Would you please output the lines from the one holding "Ziemassvētku Vainags Ar" to the end of the entries, exactly and with no others?

▬▬▬▬▬▬▬▬▬▬

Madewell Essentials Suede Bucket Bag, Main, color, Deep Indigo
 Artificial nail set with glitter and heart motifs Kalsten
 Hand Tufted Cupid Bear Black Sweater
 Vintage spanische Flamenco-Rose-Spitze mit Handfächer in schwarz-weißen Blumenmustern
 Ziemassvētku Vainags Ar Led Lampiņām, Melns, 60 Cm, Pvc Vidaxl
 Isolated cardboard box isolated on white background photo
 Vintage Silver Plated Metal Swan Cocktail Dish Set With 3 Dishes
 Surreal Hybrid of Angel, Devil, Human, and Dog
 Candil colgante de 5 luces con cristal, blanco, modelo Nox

▬▬▬▬▬▬▬▬▬▬

**Solution to this task**
 Ziemassvētku Vainags Ar Led Lampiņām, Melns, 60 Cm, Pvc Vidaxl
 Isolated cardboard box isolated on white background photo
 Vintage Silver Plated Metal Swan Cocktail Dish Set With 3 Dishes
 Surreal Hybrid of Angel, Devil, Human, and Dog
 Candil colgante de 5 luces con cristal, blanco, modelo Nox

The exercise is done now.